▽
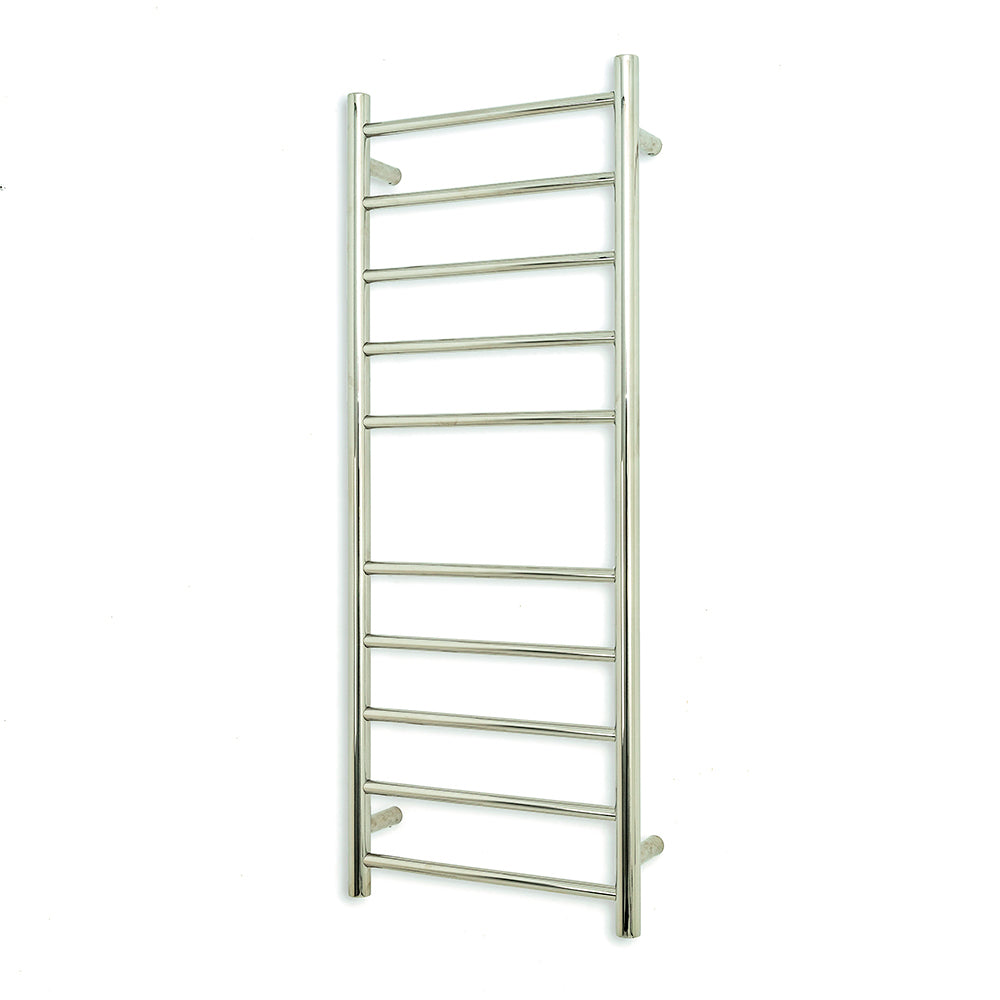 Low Voltage Polished 430 x 1100mm Rnd Heated Towel Rail LEFT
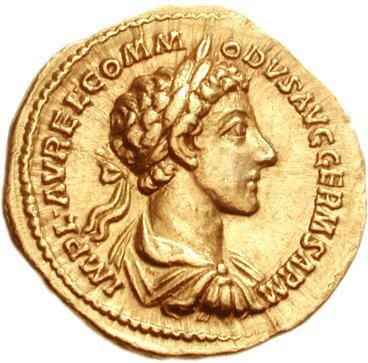 RIC III Marcus Aurelius 633 Marcus Aurelius obverse, Bust of Commodus, laureate, draped, right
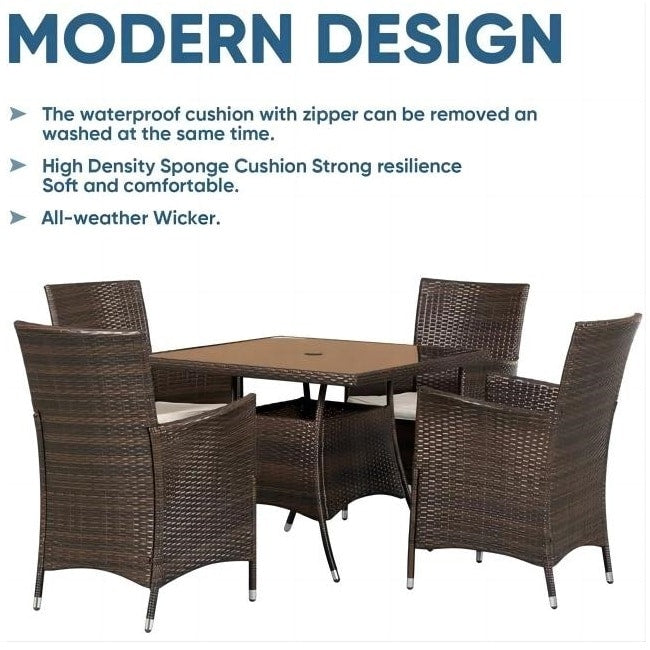 Ensemble de table à manger carrée d'extérieur Navi 5 pièces en osier par Havenside Home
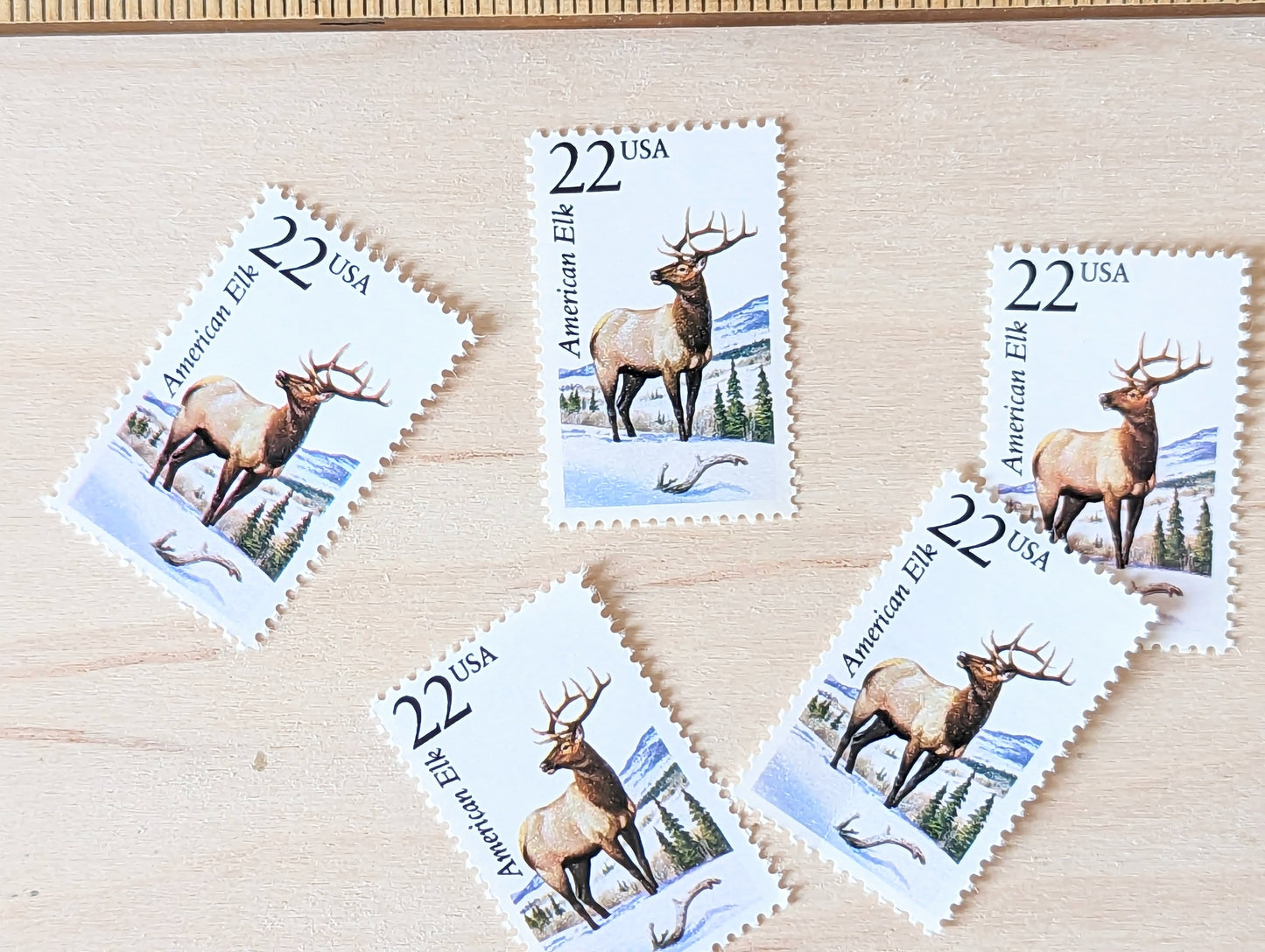 American Elk, Set of 5, Vintage Unused USPS 22 Cent Postage Stamps, North American Wildlife Series 1987, Gummed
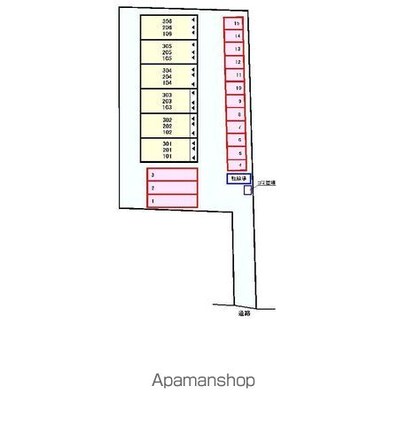 エルベッタ城東[1K/31.65m2]の配置図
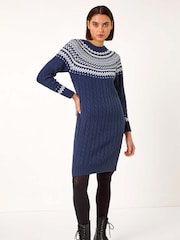 Roman Blue Nordic Knitted Dress - Image 1 of 5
△
Pictures stay out; the data above is to be returned exactly.

 Low Voltage Polished 430 x 1100mm Rnd Heated Towel Rail LEFT
 RIC III Marcus Aurelius 633 Marcus Aurelius obverse, Bust of Commodus, laureate, draped, right
 Ensemble de table à manger carrée d'extérieur Navi 5 pièces en osier par Havenside Home
 American Elk, Set of 5, Vintage Unused USPS 22 Cent Postage Stamps, North American Wildlife Series 1987, Gummed
 エルベッタ城東[1K/31.65m2]の配置図
 Roman Blue Nordic Knitted Dress - Image 1 of 5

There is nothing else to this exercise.